Use comments and docstrings to document your scripts and functions. This inline documentation helps users and collaborators understand what your code does and will be discussed further in Chapter 4.

3.4 Summary

In this chapter, we’ve covered best practices for organising your R scripts and project directories. A well-structured project makes it easier to manage, understand, and share your work.
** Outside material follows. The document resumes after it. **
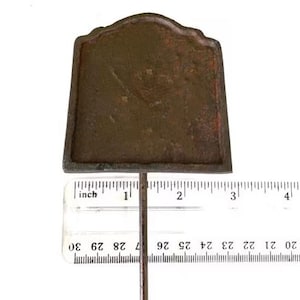 May include: A weathered, brown metal garden marker with a decorative top. The marker is approximately 7.6 cm tall and is attached to a thin metal rod. The background is white.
By following these guidelines, you can ensure that your codebase remains clean, modular, and maintainable.

## {Project Title}

## {Author Name} - {YYYY-MM-DD}
## GH: {GH_user_id} [OR ALTERNATIVE CONTACT DETAILS]

## {This is a description of the project and this code script.}
## {This is a description of the project and this code script.}
## {This is a description of the project and this code script.}

###############################################################################
############################### {SCRIPT TITLE} ################################
###############################################################################

# CHANGELOG -------------------------------------------------------------------

# v1.0.0.0 - {Change Overview}
#          - {YYYY-MM-DD}
#          - {Change Author}


# NOTES  ----------------------------------------------------------------------

# 1. Important Note for the Script User.
# 2. Another Important Note for the Script USer.

#TODO: A To-Do Item for the Script Developer


# REQUIRED LIBRARIES ----------------------------------------------------------

#ggplot2: For Plotting
library(ggplot2)


# SCRIPT CONSTANTS ------------------------------------------------------------

In the next chapter, we’ll explore how to use comments effectively to document your code and make it more understandable.